_What this task involves_:
In the listing below, find the line with "洗小米芝麻过滤器塑料洗菜盆沥水篮淘小米盆厨房工具加厚洗米筛" and copy every line from there up to and including the line with "Poster - A stylish", exactly and without pictures.

=== Input material ===

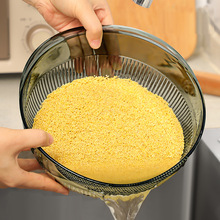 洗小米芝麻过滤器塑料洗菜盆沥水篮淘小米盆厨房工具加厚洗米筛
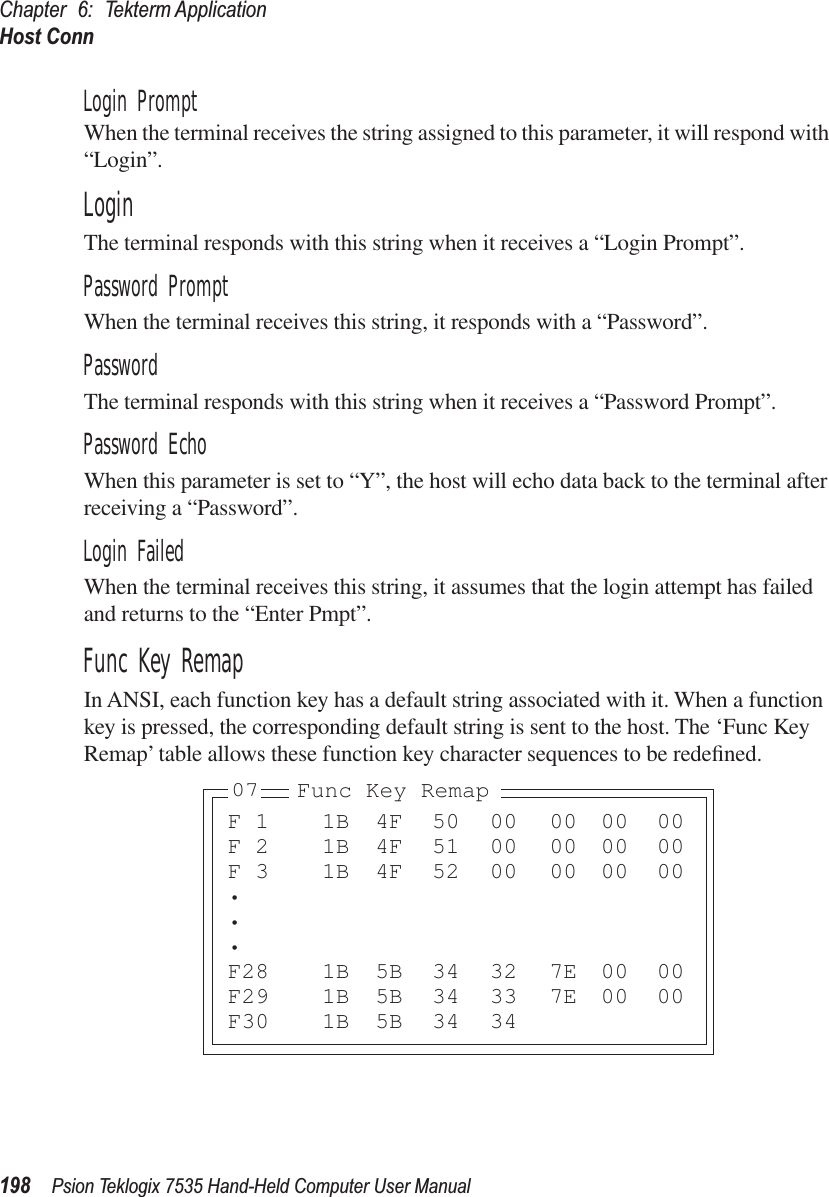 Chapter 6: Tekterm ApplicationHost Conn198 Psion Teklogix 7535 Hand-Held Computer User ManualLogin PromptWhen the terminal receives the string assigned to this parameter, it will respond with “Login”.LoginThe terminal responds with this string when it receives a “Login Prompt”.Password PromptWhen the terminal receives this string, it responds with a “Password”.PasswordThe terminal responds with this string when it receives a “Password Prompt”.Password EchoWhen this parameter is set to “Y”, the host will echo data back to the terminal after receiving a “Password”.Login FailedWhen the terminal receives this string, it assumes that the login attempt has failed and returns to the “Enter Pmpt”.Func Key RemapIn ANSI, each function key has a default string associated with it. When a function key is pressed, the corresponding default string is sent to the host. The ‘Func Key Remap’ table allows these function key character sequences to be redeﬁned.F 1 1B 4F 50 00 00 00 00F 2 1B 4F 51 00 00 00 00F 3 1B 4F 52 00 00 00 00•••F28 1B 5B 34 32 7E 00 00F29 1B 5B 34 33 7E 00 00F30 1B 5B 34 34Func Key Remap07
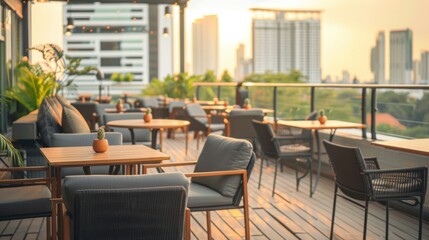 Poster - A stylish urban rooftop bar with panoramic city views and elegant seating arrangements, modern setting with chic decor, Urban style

===
=== Input material ===

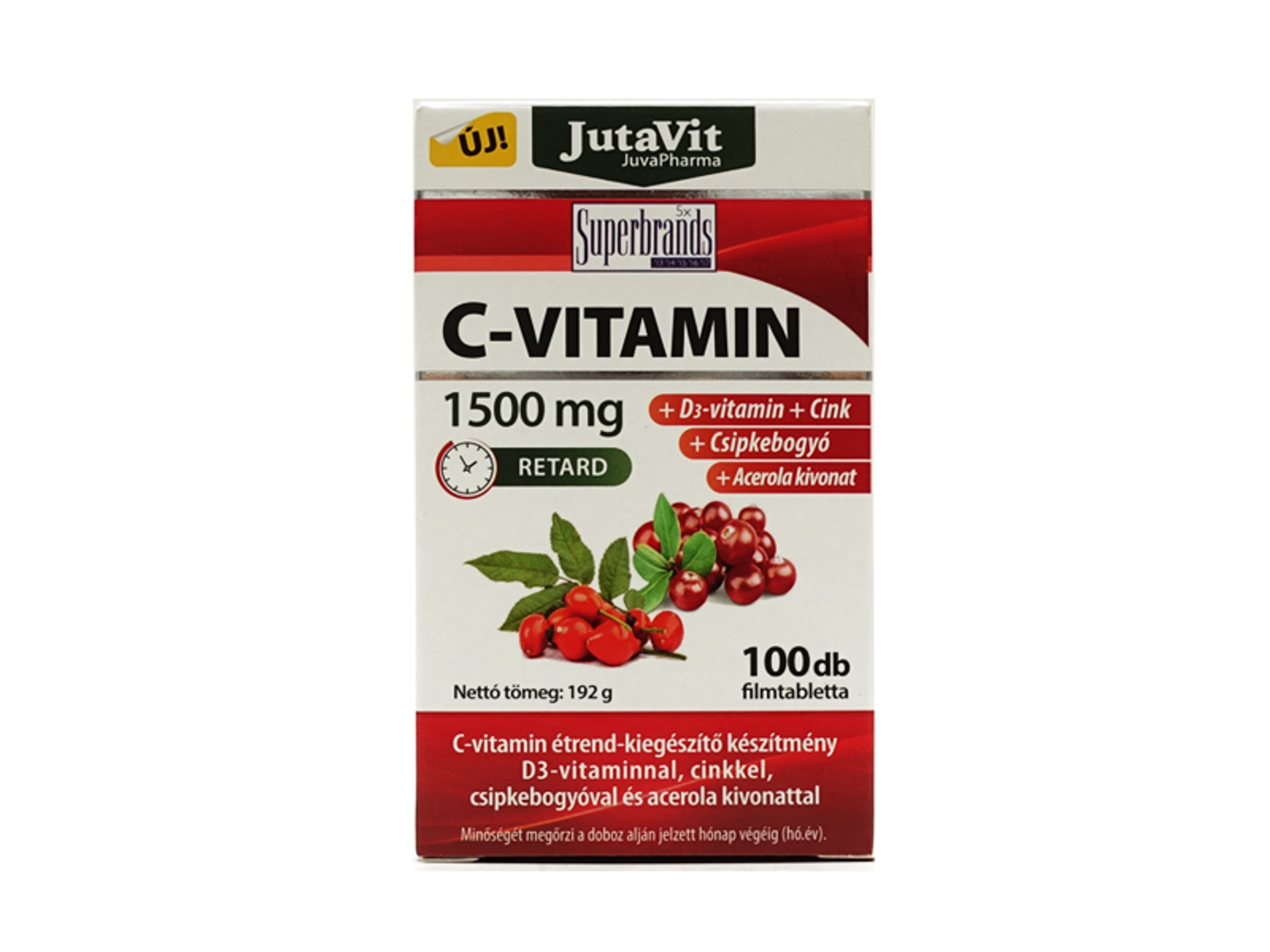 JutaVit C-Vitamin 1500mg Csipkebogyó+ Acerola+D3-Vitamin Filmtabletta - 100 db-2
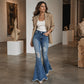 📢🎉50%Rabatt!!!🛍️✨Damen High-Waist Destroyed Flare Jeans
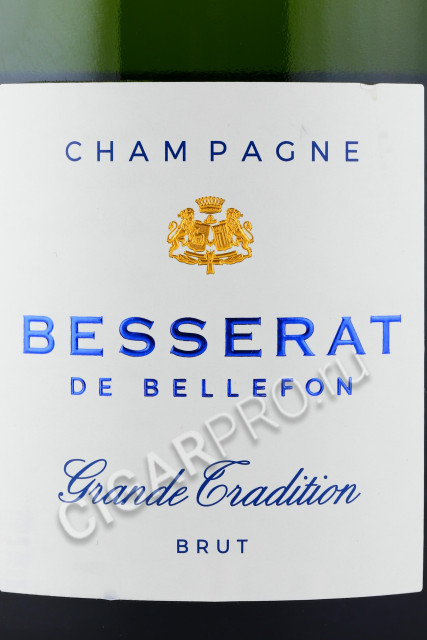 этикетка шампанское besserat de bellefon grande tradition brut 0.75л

===

_Solution to this problem_:
 洗小米芝麻过滤器塑料洗菜盆沥水篮淘小米盆厨房工具加厚洗米筛
 Chapter 6: Tekterm ApplicationHost Conn198 Psion Teklogix 7535 Hand-Held Computer User ManualLogin PromptWhen the terminal receives the string assigned to this parameter, it will respond with “Login”.LoginThe terminal responds with this string when it receives a “Login Prompt”.Password PromptWhen the terminal receives this string, it responds with a “Password”.PasswordThe terminal responds with this string when it receives a “Password Prompt”.Password EchoWhen this parameter is set to “Y”, the host will echo data back to the terminal after receiving a “Password”.Login FailedWhen the terminal receives this string, it assumes that the login attempt has failed and returns to the “Enter Pmpt”.Func Key RemapIn ANSI, each function key has a default string associated with it. When a function key is pressed, the corresponding default string is sent to the host. The ‘Func Key Remap’ table allows these function key character sequences to be redeﬁned.F 1 1B 4F 50 00 00 00 00F 2 1B 4F 51 00 00 00 00F 3 1B 4F 52 00 00 00 00•••F28 1B 5B 34 32 7E 00 00F29 1B 5B 34 33 7E 00 00F30 1B 5B 34 34Func Key Remap07
 Poster - A stylish urban rooftop bar with panoramic city views and elegant seating arrangements, modern setting with chic decor, Urban style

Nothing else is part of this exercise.